* REQUIRED ACTION *
For the listing below, the answer is an exact retyping of the lines from the one with "磷酸酯检测试剂, 214068-76-5, 结构式" through the one with "Мэр Ярославля объявил", both included, without pictures.

* RECORD EXTRACTS *
================================

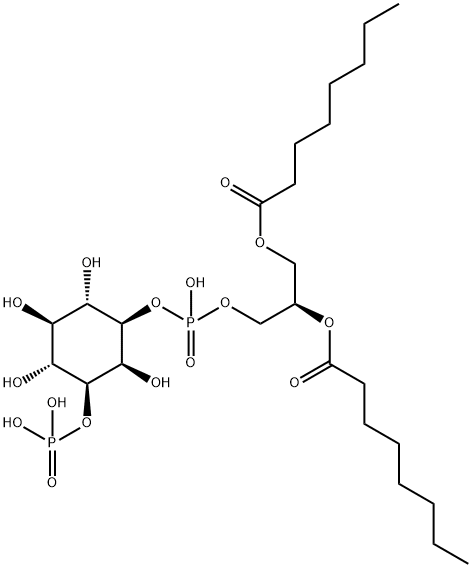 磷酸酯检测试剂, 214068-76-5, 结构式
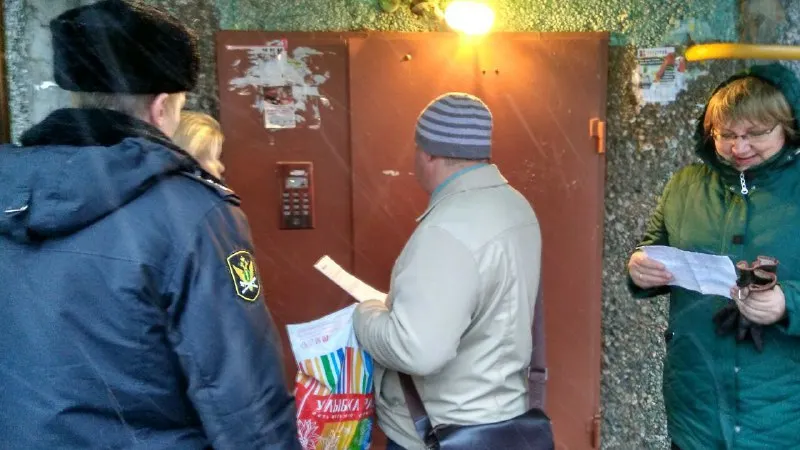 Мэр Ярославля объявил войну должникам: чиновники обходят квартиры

================================

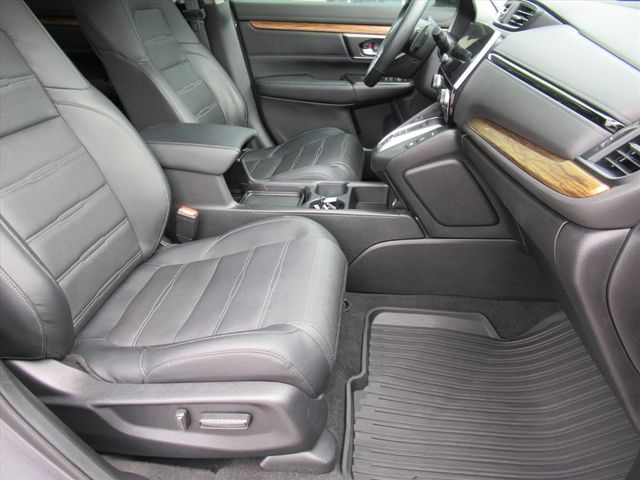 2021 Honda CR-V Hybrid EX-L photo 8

================================

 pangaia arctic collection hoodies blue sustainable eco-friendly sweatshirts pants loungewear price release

================================

* ANSWER TO THIS EXERCISE *
 磷酸酯检测试剂, 214068-76-5, 结构式
 Мэр Ярославля объявил войну должникам: чиновники обходят квартиры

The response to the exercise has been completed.